Featuring paintings on canvas and drawings for the most part, the exhibition also includes a number of three-dimensional works by the artist. Curated by Eda Berkmen, Empty House invites the viewer to a game of remembering and imagining. Aytekin's new series of the same name feature a house that has been purged of all kinds of details, the weight of furniture, and the clutter of everyday life's necessities. The contours, outlines of colours and fold lines constitute the rooms, corners, corridors, and beams of an empty house. The paintings in this series derive from a house that existed in Aytekin's past, a model of which is also on display; however, this house has been conveyed on canvas only after being merged with various similar spaces from the memories of the artist, and the exhibition space itself. This construct, which refrains from affectation and explicit depiction, is reduced to its simplest form, evoking other spaces, memories and dreams.
Can Aytekin contemplates the function of sight and memory, through painting objects and places from his own life, corresponding to the sacred and the abstract concepts that prompted art making throughout centuries. Conducting detailed research on archetypes from art history, the artist combines the styles and techniques of his predecessors with his own gaze and canvas.
Aytekin, through variation, explores concepts and painting methods. The visibility of Aytekin's rigorous experimentation in his paintings also makes it possible to witness the artist's process of developing his technical and material vocabulary.

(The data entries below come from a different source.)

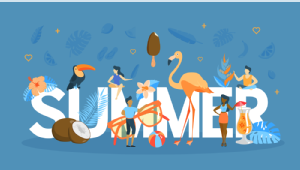 Illustration of a group of people, a flamingo and summer accessories arranged on the word summer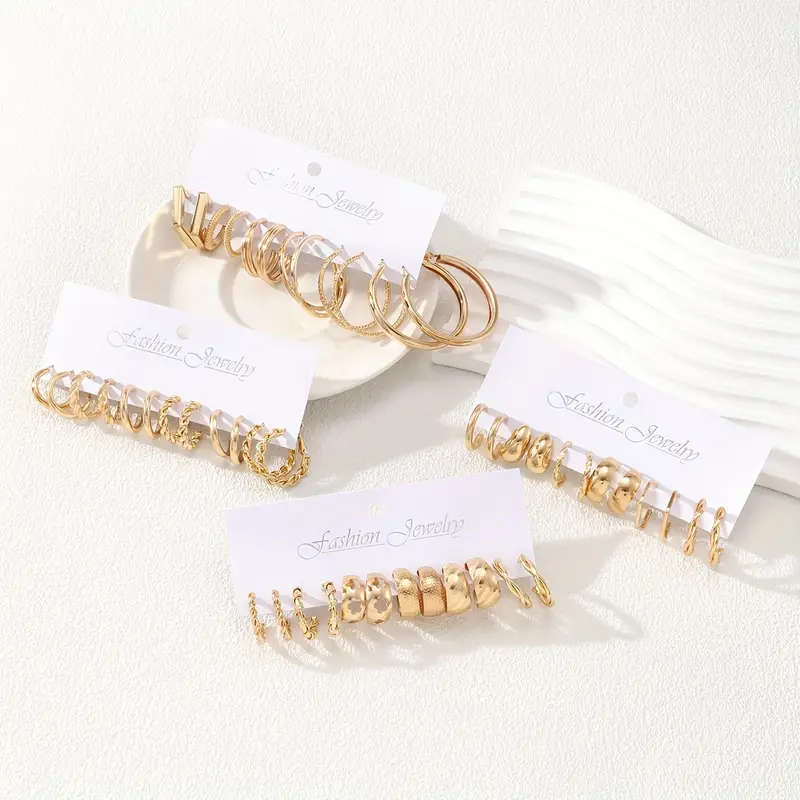24 Pairs of Fashionable Hoop Earrings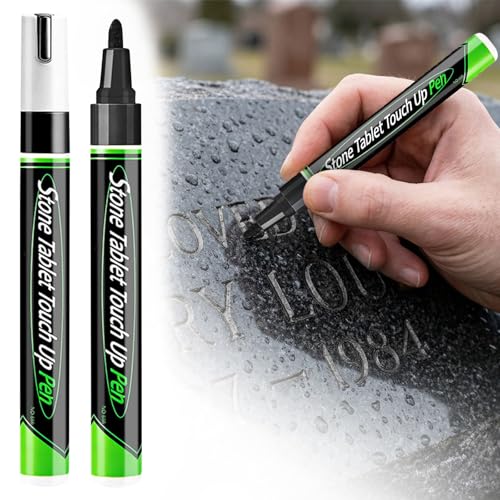Black Tombstone Marker Pen, Weatherproof Quick Drying Paint Marker for Restoring Faded Grave Inscriptions for Gravestone Lettering and Memorial Inscriptions, 1 Pack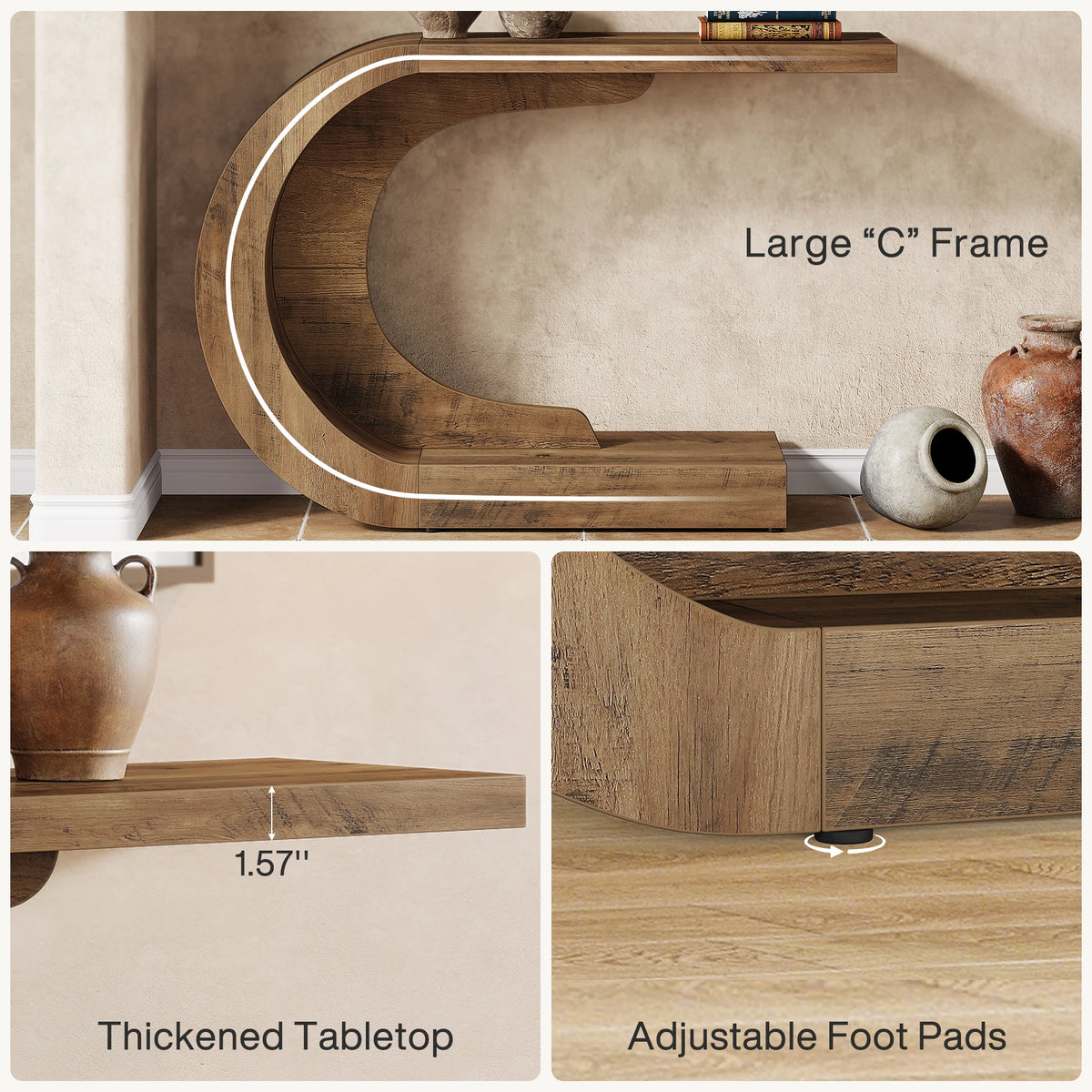 Tribesigns Mid Century Modern Wooden Entryway Console Table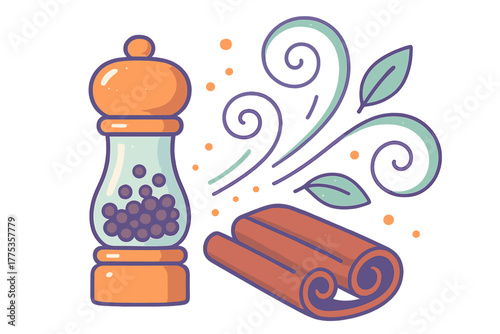 Composition of aromatic spices including pepper mill, peppercorns, and cinnamon sticks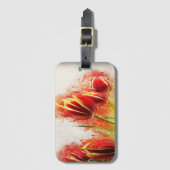 Waterverf Splatter Red Yellow Tulips Floral Bagagelabel (Voorkant (verticaal))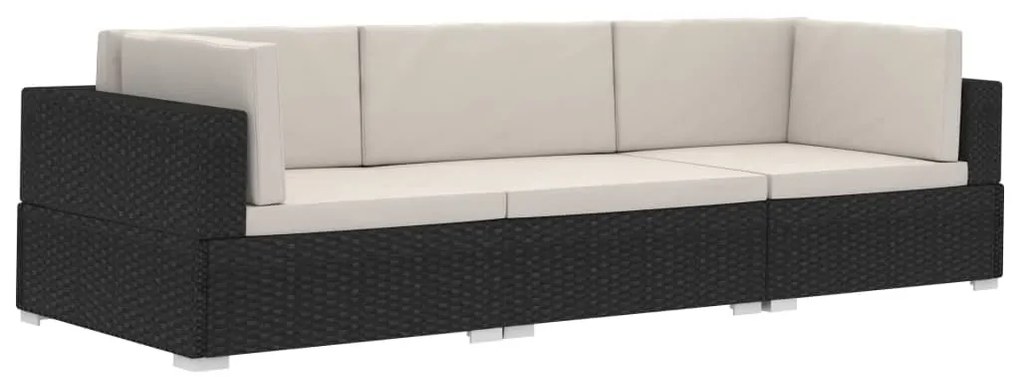 47264 vidaXL Градински комплект с възглавници, 3 части, полиратан, черен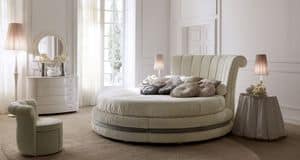 Luxury 5200 bed, Luxury round bed, upholstered in leather or fabric, for hotel suites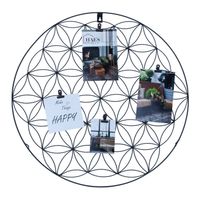 HAES DECO - Industrieel metalen rond wandrek Heidal zwart 50 cm - LA772HS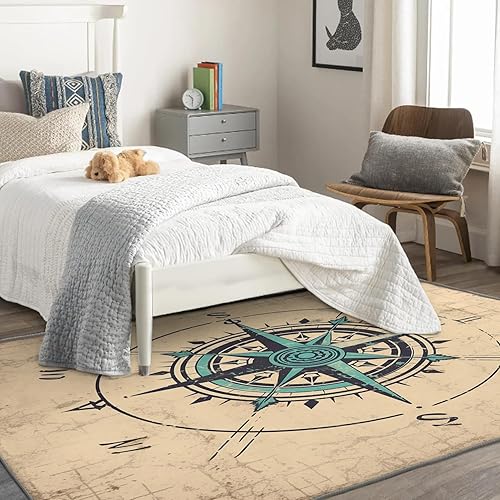 Miniatura 2 de Alfombra de brújula y decoración del hogar, alfombra náutica de 3 x 5 pies, alfombras náuticas para entrada, sala de estar, dormitorio, alfombra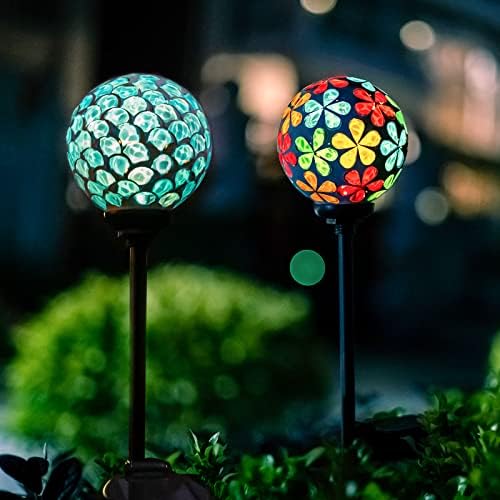 VCUTEKA Decorative Solar Garden Lights, 3.5" Mosaic Globe Stake 2 Pack - Image 7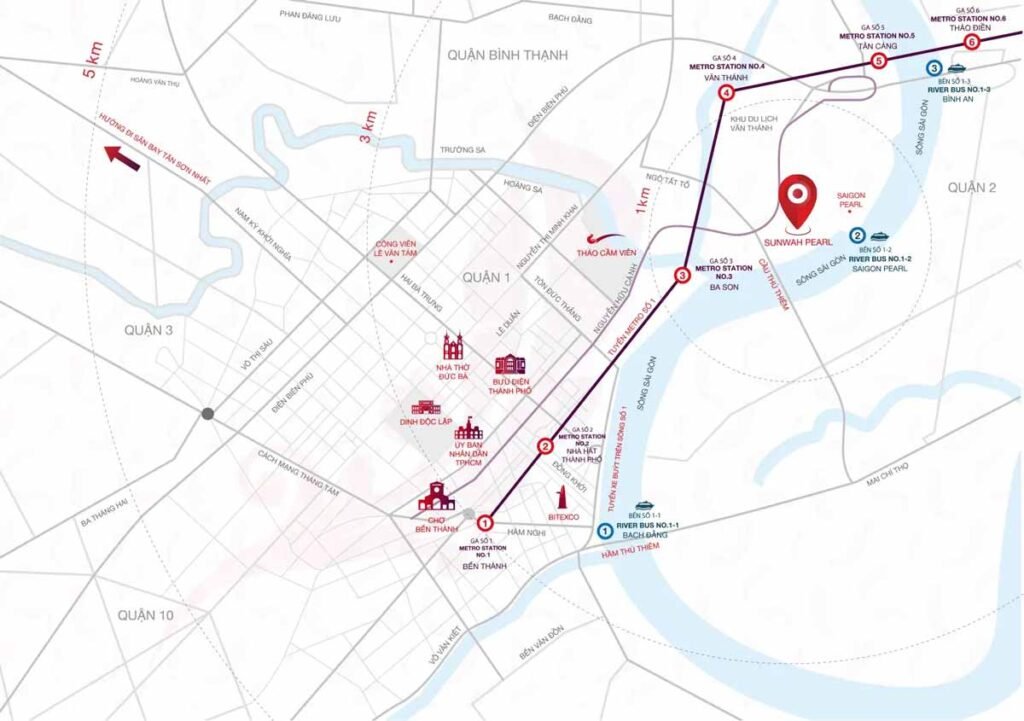 Bản đồ vị trí dự án căn hộ Sunwah Pearl Hồ Chí Minh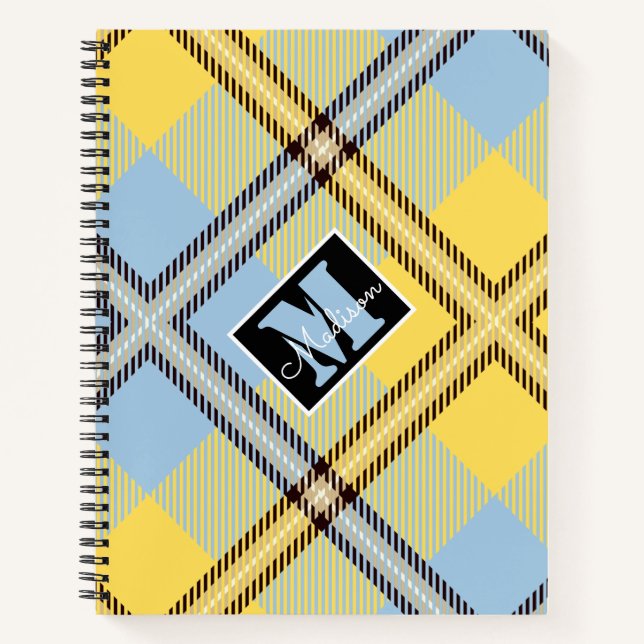 Moderner Gelber Karierter Tartan Personalisierter  Notizbuch (Vorderseite)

Eponymous with the exhibition, Aytekin's latest series "Empty House" is on view on the ground floor of Arter. In the context of the exhibition, the concept of emptiness describes not a sense of absence or lack but an interspace that makes room for transformation, change, and associations. "Empty House" is a game Aytekin plays in his studio; it is his production process. It is also a game for the viewer to revel in reminiscing, making links, and shifting positions.